第12章 第十二章终达玄菟郡…
发布:2019-12-08 06:02 | 2198字

玄菟郡,大汉疆土最北的一个郡,南达清川江和大同江上游北岸,与乐浪郡为邻;北达哈达岭、辉发河,与扶余国为邻;其西是辽西郡,以长城为界;其东以长白山为界,与乐浪郡相接。

王书一行人自范阳郡涿县东北而上,抵达右北平郡玉田县,在转向辽西郡,沿着长城继续向西前行,历时半月余终于抵达玄菟郡。

这一路三人走的并不快,鸡鸣时分王书便起床,随关羽熬炼身体,直到黎明,一行人才开始赶路,一直到黄昏时分才寻觅安身之处。

按照这种速度早该到达玄菟郡,可是每当遇到县城,王书都执意去县城购买一些物品,还说这些物品是“安身立命之本”,关羽和姜氏拗不过王书,只得同意,这只进不出,到使得车厢内半数之地被这些杂物占领。

沿着官道约莫行进了半个时辰,王书一行人终于抵达了辽阳县城,为了防止被认出,进城前王书和关羽都蒙上了遮风纱。

辽阳城本是辽西郡的属地,奈何原玄菟郡在前新朝时被高句丽所占,故而玄菟郡迁入辽西郡境内,辽西郡一分为二。

辽阳城本就是小城,仅东西两条街南北两条路,全县人口四万户,在册人口八万余,占地面积却达百里,典型的地广人稀。

天空中露出了久违的太阳,也许是进了城的原因,不见寒风,沐浴在这温暖的阳光下,这辽阳城的街道之上居然有不少行人。

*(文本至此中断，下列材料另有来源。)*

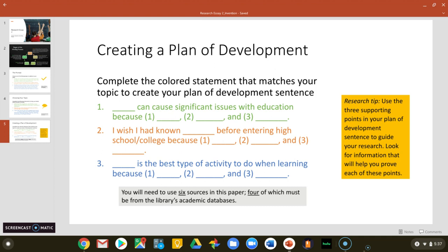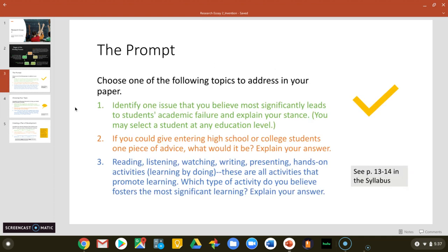This is to help get you started with three things to begin looking into in your research. For this paper, you need six sources, and four of them must come from the academic library databases. We'll cover how to do research in the library databases in a future video. To make it clear, the color you chose matches the prompt given in this list — green for the first one, orange for the second.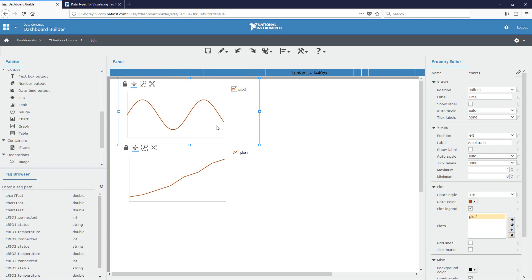And so for this demo, I've created a couple of different tags. I've created three tags that are double tags that are going to be updated with a sine wave. And I've also created one tag that I'll be using with my graph. It's actually a string tag that will contain an entire sine wave within its array so it will display the entire sine wave. So let's go ahead and start configuring these two.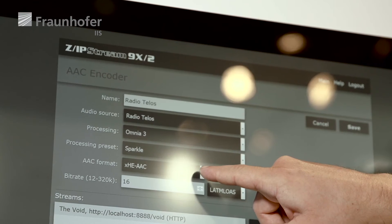In addition, for a listener, a real benefit is that with a codec like Extended High Efficiency AAC, it is possible to have continuous playback even over patchy mobile networks.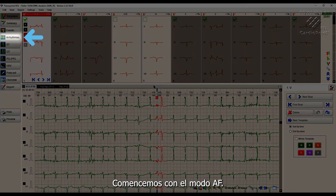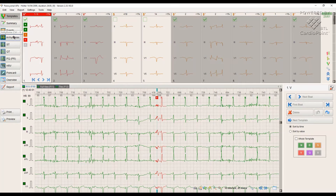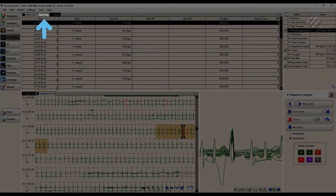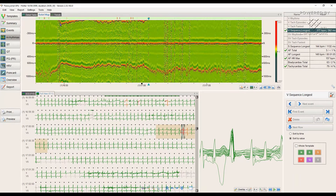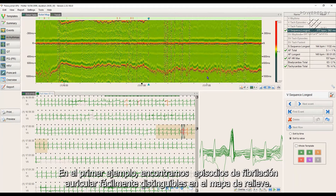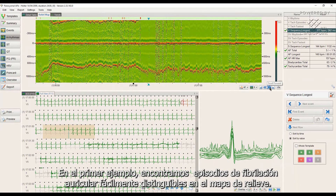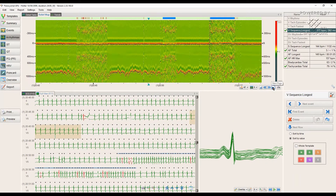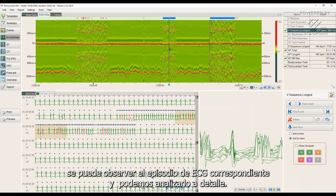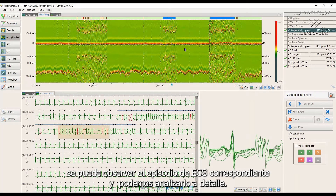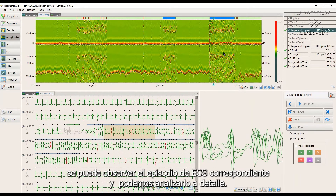Let's start with the AF mode. In this mode we see 10 minutes of cardiac activity at once. In the first example, we find episodes of atrial fibrillation easily distinguishable on the relief map. By clicking on an area on the relief map, the corresponding ECG episode can be observed and we can analyse it in detail.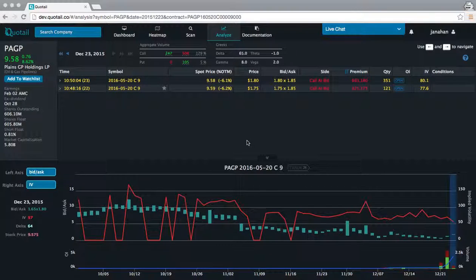Here at Quotetail, we use executed trade data to help you identify optimal market conditions.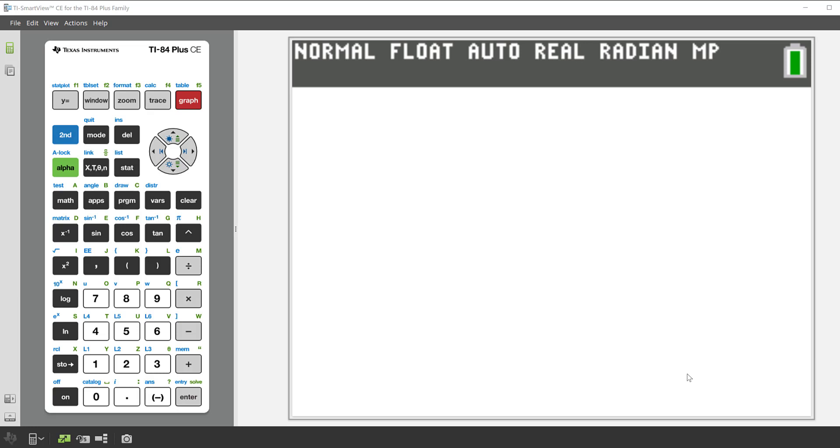In this video we'll see how to check for upgrades in your TI SmartView CE emulator software.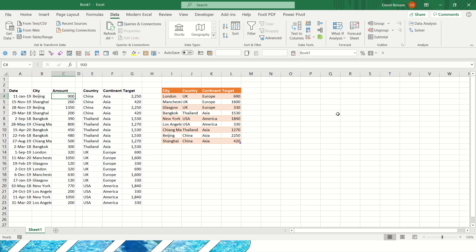Hello, this is David Berline from Excel Consulting, and in this video I'm going to show you how to use table relationships and the data model in Excel.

不过王书三人却不敢有任何掉以轻心,万一这辽阳城已经张贴缉捕公文,王书三人必定是无处可逃。

为了确保万无一失,王书三人还特地驾车在县衙门口溜了一圈,果真如同王书所推测,并未发现两人的缉捕公文。

“你们放开我,你们这群恶奴!”

就在三人驾着马车寻找房舍之时,街道的十字路口响起阵阵哭喊声。

王书和关羽相视一眼,决定驾车前去看看。

路上的行人看着驾车的两人中一人是魁梧大汉,看上去孔武有力,颇令人畏惧,马车上沾满了泥水,一看就知道,这马车定是经过长途跋涉而来,不少人让开了道路。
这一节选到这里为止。